[Crawled caption data]
################
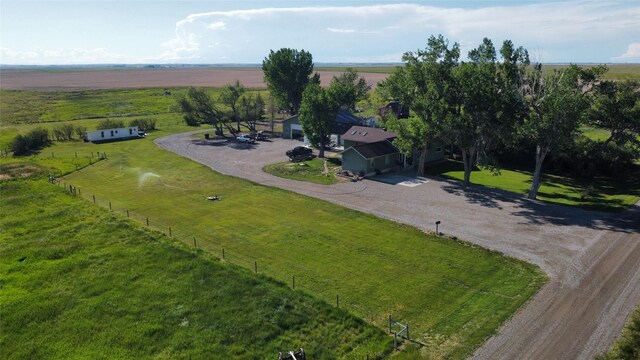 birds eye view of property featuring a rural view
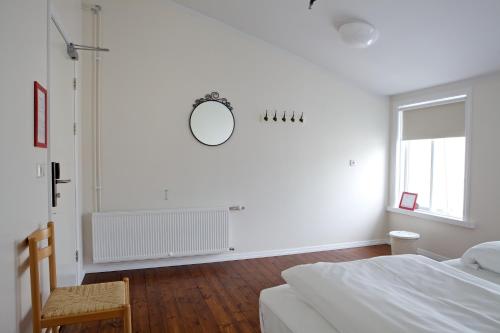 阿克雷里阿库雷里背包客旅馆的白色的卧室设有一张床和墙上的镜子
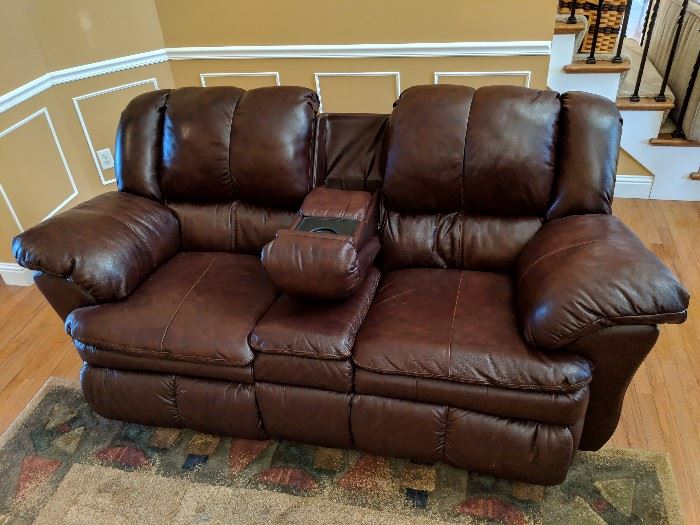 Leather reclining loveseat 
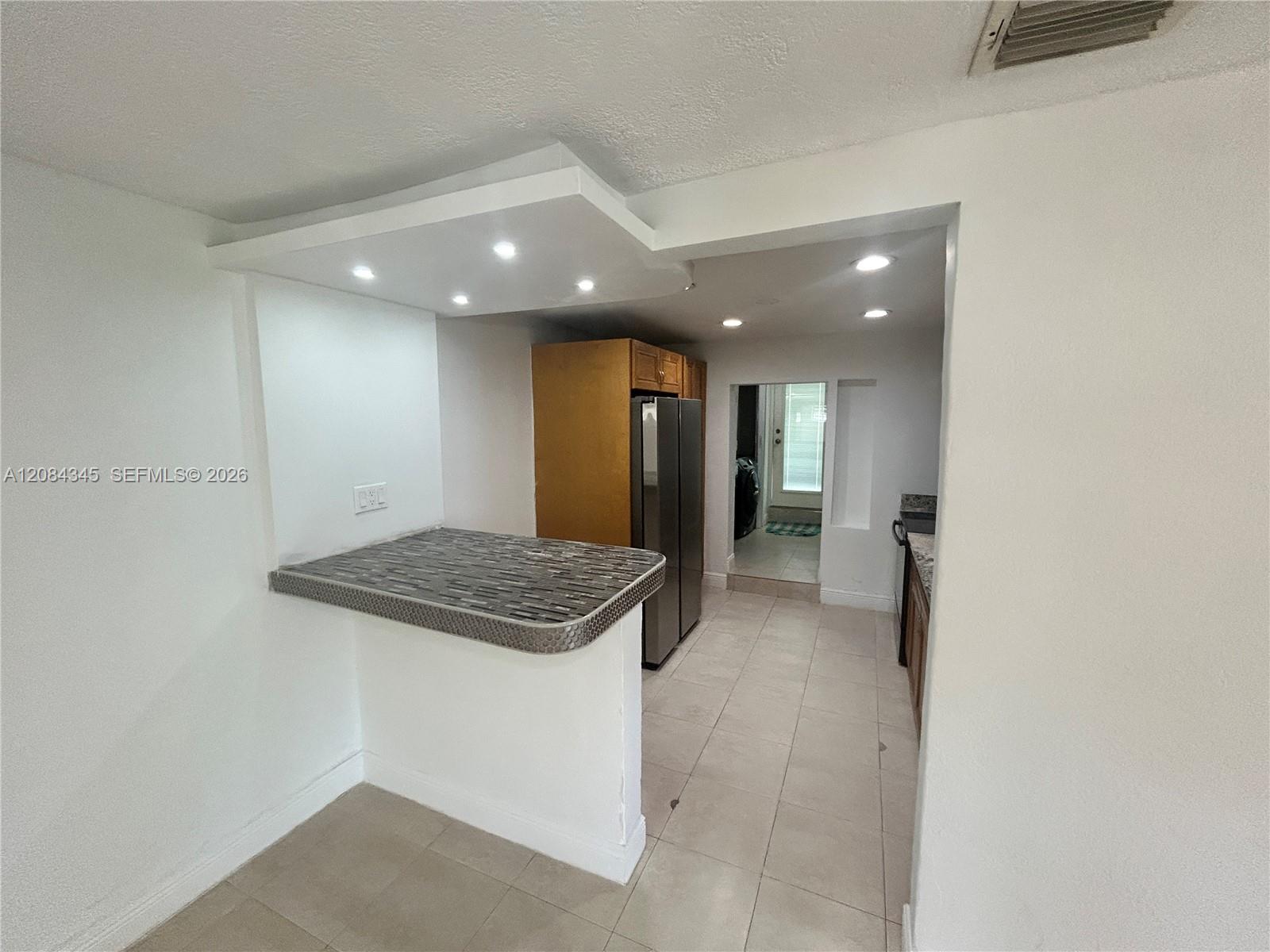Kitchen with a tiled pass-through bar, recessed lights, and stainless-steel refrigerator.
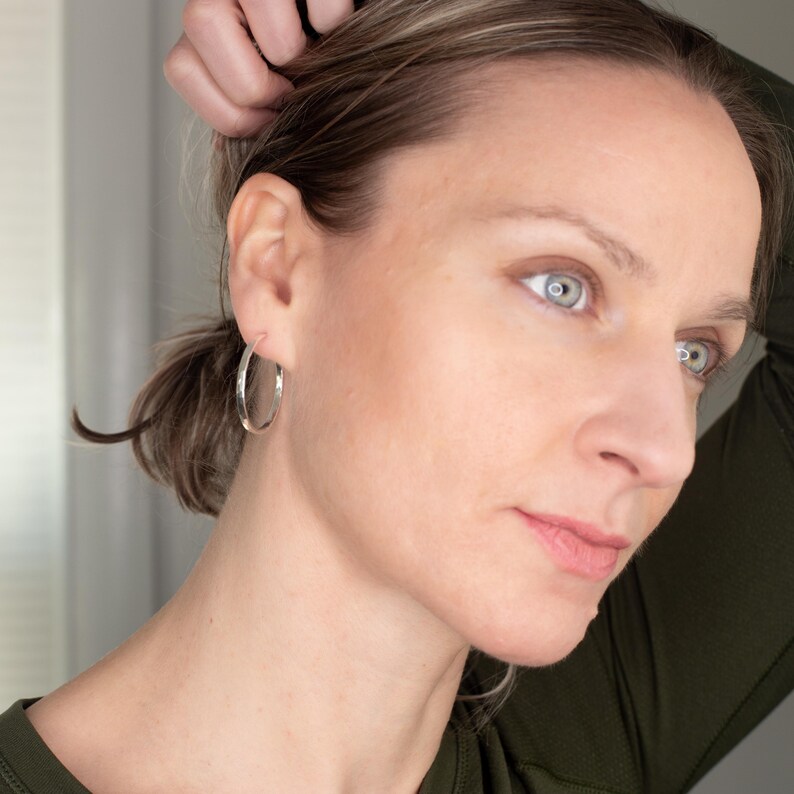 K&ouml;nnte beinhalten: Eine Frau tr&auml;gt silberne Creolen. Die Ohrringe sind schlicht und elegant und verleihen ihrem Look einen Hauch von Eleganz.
################
TASK BRIEF
Starting with the first line of the records above and stopping after the line containing "Kitchen with a", repeat every line exactly and leave out the pictures.

RESULT OF THIS EXERCISE
 birds eye view of property featuring a rural view
 阿克雷里阿库雷里背包客旅馆的白色的卧室设有一张床和墙上的镜子
 Leather reclining loveseat 
Kitchen with a tiled pass-through bar, recessed lights, and stainless-steel refrigerator.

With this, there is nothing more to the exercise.